Two factors are of great importance when figuring out whether the jars increase or decrease in value: the age and the condition. Both age and condition are significant aspects of inspecting a jar and determining a reasonable price for what it is worth. We all should be aware that the older the product is, the value increases.
However, this comes at a cost: the condition. The older the item is, it tends to deteriorate in color, durability, functionality, and many more possible outcomes that would warrant a decrease in price. Even minted items could possibly be subjected to the harsh conditions that comes with aging. As a consensus though, the older it is and the if condition is acceptable, it can be valued as high as $60-$100 per unit.
Focusing on the second aspect: the condition of the jar. The condition of the jar is important to keep track of since, again, the condition comes with age. For an acceptable condition, the jar must be able to seal itself, no identification of cracks or scratches, and no gunk piled up.
Of course, because of the age, some of these things may produce naturally, but the job is to reduce as much as possible is the goal. The less gunk, for example, the better. Individuals with expertise may be able to restore the jar but that comes at a cost.
Additional add ons may counteract its originality and therefore becomes tampered with. Overall, original works remain more valuable than restored ones. Also, if the original manufacturer had their own defects, these would not affect the value of the jar so do not worry about these issues.
Types of Hazel Atlas Mason Jars
There are four definable Hazel Atlas Jars that are of great importance to consider: the “Strong Shoulder” mason jar, trademark mason jar, and the E-Z seal mason jar. Each of these have their own unique quirks to them and if both the age and condition of the jar are optimal, you can imagine the value of taking into account all these factors.
First, the E-Z seal (Antique Mall, 2021) is a Hazel Atlas mason jar that features a glass lid and a bail with an inscription on the face of the jar that says “E-Z Seal”, alongside the standard “Atlas” or “Atlas Mason” inscriptions. Vintage clear or aqua blue E-Z Seal Atlas jars are typically worth between $8-20. The green color E-Z seal Atlas jars like the one shown below are much more valuable and typically sell for $50-$100 on ebay.

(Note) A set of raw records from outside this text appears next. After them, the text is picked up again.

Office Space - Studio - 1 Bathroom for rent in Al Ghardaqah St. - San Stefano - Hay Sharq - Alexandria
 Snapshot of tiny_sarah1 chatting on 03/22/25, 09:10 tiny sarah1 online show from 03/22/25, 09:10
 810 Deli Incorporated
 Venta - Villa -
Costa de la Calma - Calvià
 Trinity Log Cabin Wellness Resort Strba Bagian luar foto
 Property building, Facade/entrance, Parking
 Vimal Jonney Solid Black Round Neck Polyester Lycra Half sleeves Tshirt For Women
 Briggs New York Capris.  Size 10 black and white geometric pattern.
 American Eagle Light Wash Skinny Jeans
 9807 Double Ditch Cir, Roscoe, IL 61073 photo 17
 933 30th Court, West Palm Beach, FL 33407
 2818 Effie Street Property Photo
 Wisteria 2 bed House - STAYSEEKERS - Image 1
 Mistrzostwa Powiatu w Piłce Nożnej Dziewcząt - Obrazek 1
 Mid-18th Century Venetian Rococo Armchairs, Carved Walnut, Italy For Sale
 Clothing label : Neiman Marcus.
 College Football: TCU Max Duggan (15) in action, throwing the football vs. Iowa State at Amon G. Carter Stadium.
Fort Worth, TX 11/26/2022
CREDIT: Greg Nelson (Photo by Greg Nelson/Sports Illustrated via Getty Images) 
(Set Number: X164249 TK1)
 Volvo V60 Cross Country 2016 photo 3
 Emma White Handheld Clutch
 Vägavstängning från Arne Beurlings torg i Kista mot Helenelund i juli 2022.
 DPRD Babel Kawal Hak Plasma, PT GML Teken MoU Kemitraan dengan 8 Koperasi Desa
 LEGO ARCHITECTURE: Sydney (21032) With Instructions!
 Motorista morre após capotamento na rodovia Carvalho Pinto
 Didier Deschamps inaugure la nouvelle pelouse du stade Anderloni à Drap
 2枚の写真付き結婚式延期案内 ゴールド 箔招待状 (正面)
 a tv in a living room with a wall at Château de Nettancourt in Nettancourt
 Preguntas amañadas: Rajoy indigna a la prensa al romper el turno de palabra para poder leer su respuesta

Some of the older models are created with amber glass which increased the value significantly since most others were produced from opal glass (Abandoned, 2022). These are considered one of the rarest jars of all time (Kitchen Ask, 2022). The amber E-Z seal Atlas jars sell for around $50+ on ebay.
Next up, is the trademark mason jar (Love to Know, 2022). These jars are very identical to the regularly produced mason jars that have the usual inscription of “Atlas” or “Atlas Mason” on the face and the “H” and “A” on the bottom. The only difference is the addon of a unique “H” and A” insignia on the face of the jar.
The concept is the same with the “H” above the “A”, however, the difference between this one and the ones on the bottoms, the “H” is somewhat larger and it overtakes the “A” and both are surrounded by a circular border to reflect circle.
Lastly, the “strong shoulder” mason jar (Love to Know, 2022) simply features a ledge that sits right above the shoulders of the jar and just below the screw threads for the lid. Again, “Strong Shoulder” is added onto the face of the jar.
All these jars, with their subtle and obvious differences, are significant factors in appraising their overall value and should always be considered with collecting, selling, or buying.
Should You Collect, Sell, or Buy Hazel Atlas Mason Jars?
Hope this article helped you understand the possible value of these Hazel Atlas mason jars and perhaps will ignite a passion to invest time and effort to effectively research and explore the field of buying, selling, and collecting these special canning jars. With proper observation and judgment, anyone can find worth in any authentic Hazel Atlas mason jar.